Max Bronstein, speaking as an individual.

As to the budget proposed, I generally support the County Executive’s recommendations.  Additionally, I support the changes proposed by the Organizational Reform Commission as they would bring about greater long-term savings.

I feel that the Criminal Justice Coordinating Commission’s executive directorship should be abolished.  There is ample ability resident in the police department and in the State’s Attorney’s Office to handle any coordination needed.

Regarding policies and politics:

Some members of the current council have been in office for 8+ years; some for 4+ years; one for 2 years; and some for several months.  While the current recession began in 2007, Marvin Wineman, then president of the Taxpayer’s League, repeatedly cautioned the council beginning prior to 2007, that their fiscal policies were unsustainable.  He was ignored, and the council now finds itself in the serious financial bind against which he warned.

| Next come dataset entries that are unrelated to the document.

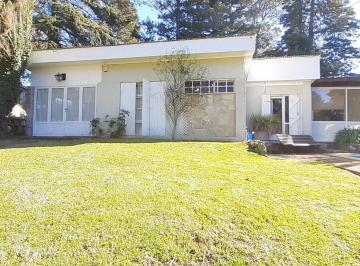 Casa · 131m² · 5 Ambientes · 1 Cochera · Bajo Su Valor! Chalet en Venta en Sierra de Los Padres - Gas Natural - Toma Dpto 3 Amb. Mdp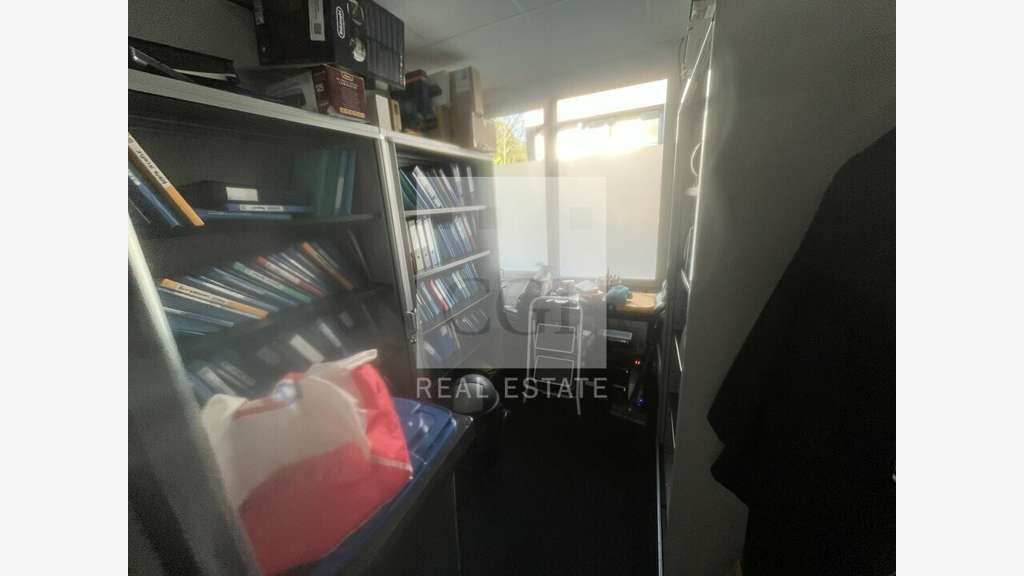 AV bureaux 80m² + 2 parkings Lissieu accès A6 A89 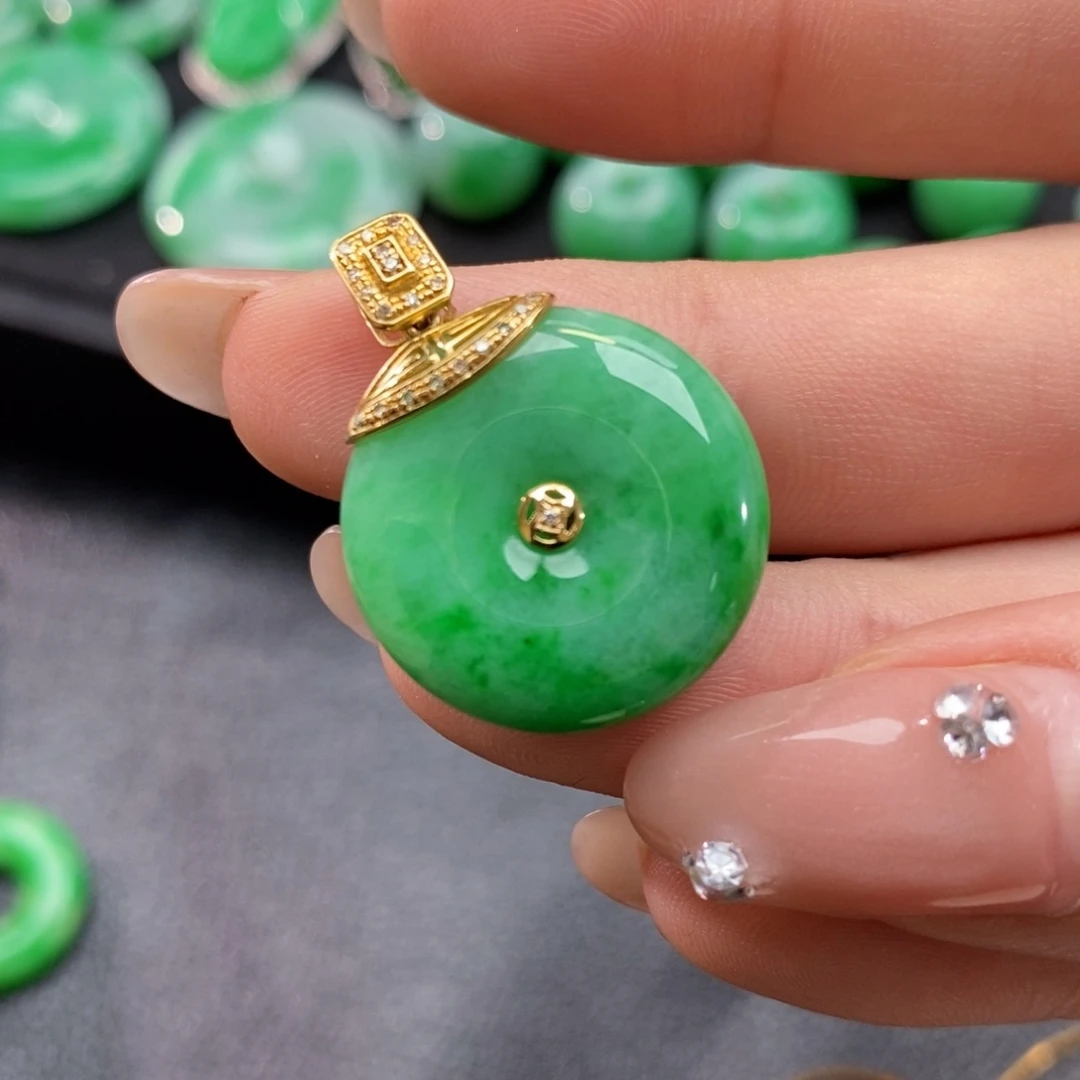 翡翠颈饰18K金镶嵌翡翠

We all know there are financial problems existing outside the county that affect our situation.  However, had the council heeded Marvin Wineman’s warnings early on, we would not be in anywhere near as serious a financial situation as we are now.

Accordingly, I strongly urge the council to engage an outside firm of economists to serve as their “financial early warning system” which would report every 6 months as to any financial problems they foresee for the county.

Also, using one version of the “golden rule” as a guide, I submit that the organization that supplies the gold should make the rules.  Since 57% of the county’s budget goes to finance the schools to the tune of $2.2 billion, the council should have oversight over the school system’s budget.  As a county, we should not in the future have to contend with a school superintendent and a school board that accept the county’s $2.2 billion and then become the county’s adversaries.  Legislation needs to be put in place that makes that oversight a reality.  I realize that effort will be very challenging, but the achievement would be well worth the battle.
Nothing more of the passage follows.